How to open an account?

To take advantage of this scheme, you can open an account by going to any nearest post office or bank. Sukanya Samriddhi Yojana matures in 21 years. However, after the girl turns 18, money can be withdrawn from this account for studies. The full amount is available only after 21 years.

Documents required for Sukanya Samriddhi Yojana-

While opening an account under Sukanya Samriddhi Yojana, it is necessary to give the birth certificate of the girl child to the post office or bank. Also, the identity card and address proof of the girl child and her parents are required.

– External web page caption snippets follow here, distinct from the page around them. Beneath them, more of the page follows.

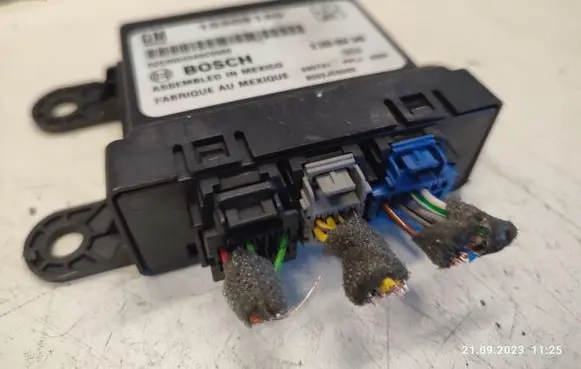 Opel Insignia A Parking PDC control unit/module 13308135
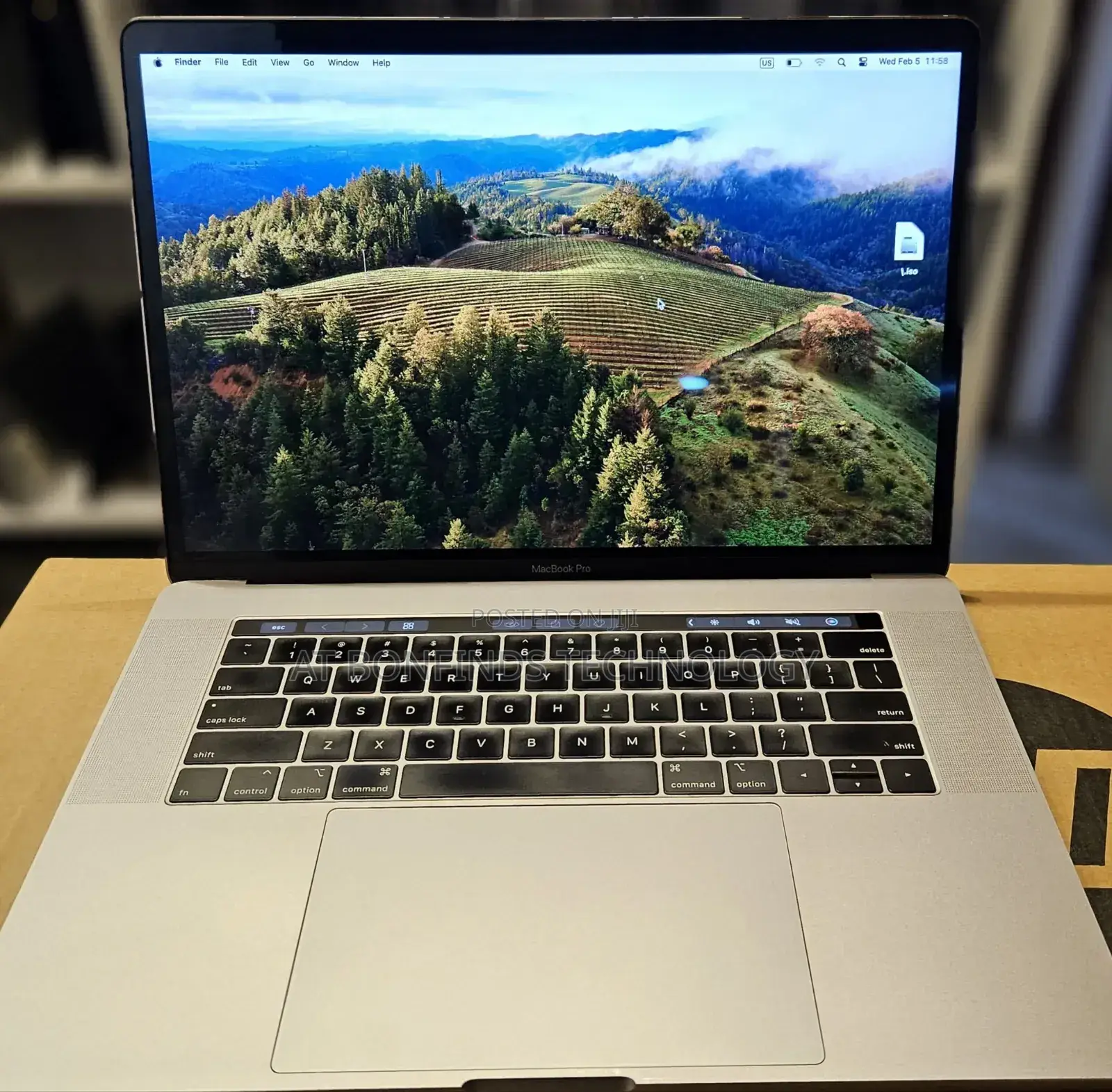 Laptop Apple MacBook Pro 2018 32GB Intel Core i9 SSD 1T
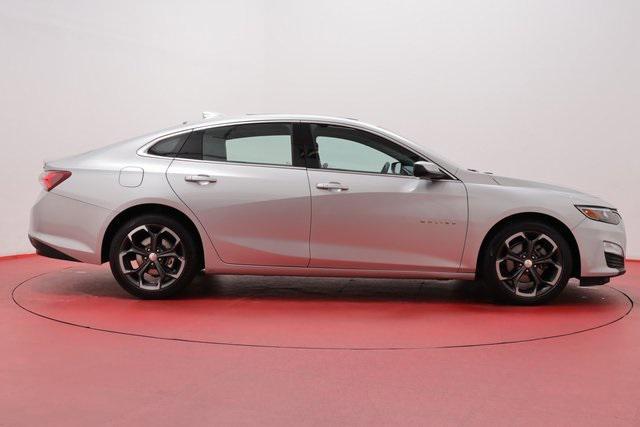 2022 chevrolet malibu fwd lt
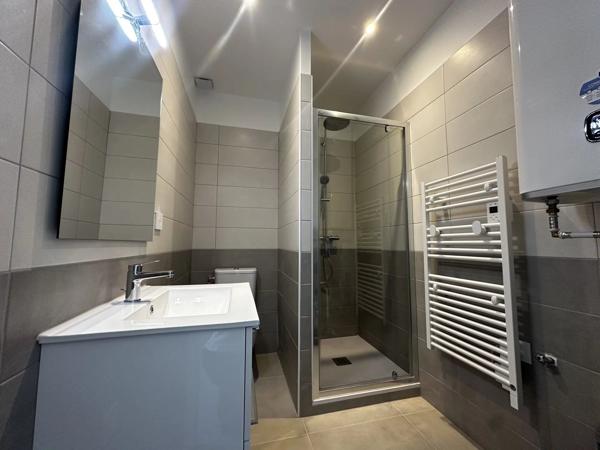 Location                                                      Appartement
                        
                     3 pièces                      47 m2                     à Clermont-l'Hérault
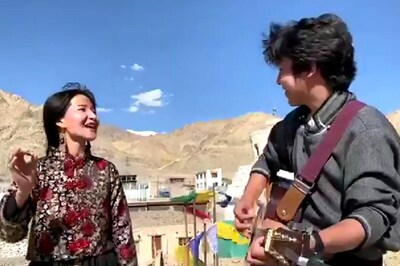 Beautiful Rendition of 'Sandese Aate Hain' by Ladakhi Singers Wins Hearts Online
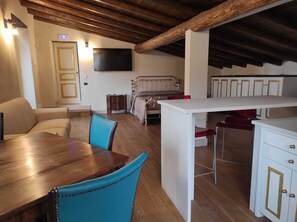 Deluxe Studio Suite | Living area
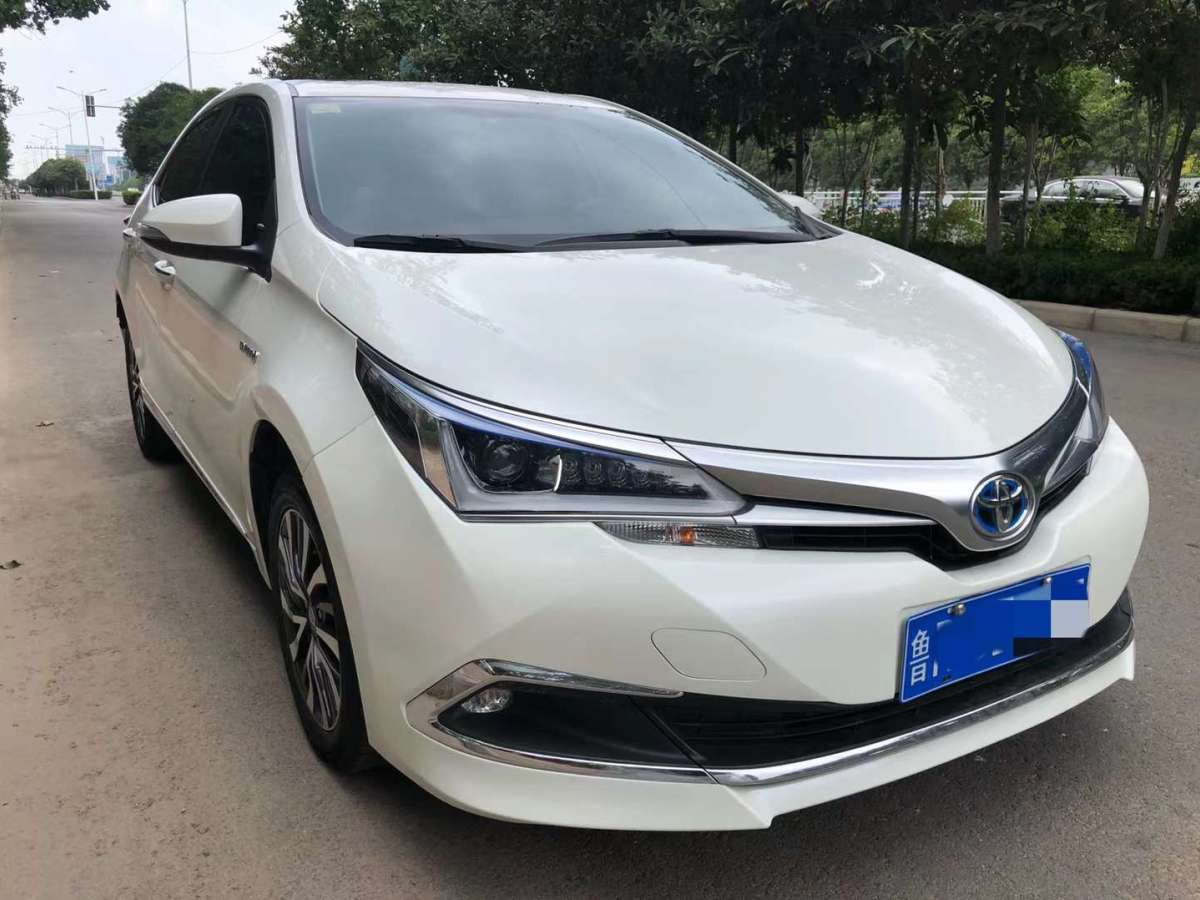 丰田 卡罗拉 2017款 改款双擎 1.8l e-cvt先锋版图片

Partial withdrawal facility is available in SSY account

Under Sukanya Samriddhi Yojana, parents can open an account in the name of a girl child below 10 years of age. If you open the account immediately after the birth of the girl child, you can invest in this scheme till the girl child turns 15 years old. After this, after the age of 18 years of the girl child, 50 percent of the total amount deposited in the account can be withdrawn. At the same time, after the age of 21 years of the girl child, the entire amount deposited from the account can be withdrawn.

Will get 69 lakh rupees at the time of maturity

If you are opening Sukanya Samriddhi account for your girl child in the year 2023, then you will get an interest rate of 8.00 percent. In such a situation, according to the calculator of Sukanya Samriddhi Yojana, when the girl child turns 21, you will get a hefty fund of Rs 69 lakh.

This fund will be available on an investment of Rs 1.5 lakh per annum. By investing in this scheme, you will also get the benefit of tax exemption of Rs 1.5 lakh under Section 80C of Income Tax. If you invest Rs 1.5 lakh annually, then you will have to deposit an amount of Rs 12,500 every month in this account.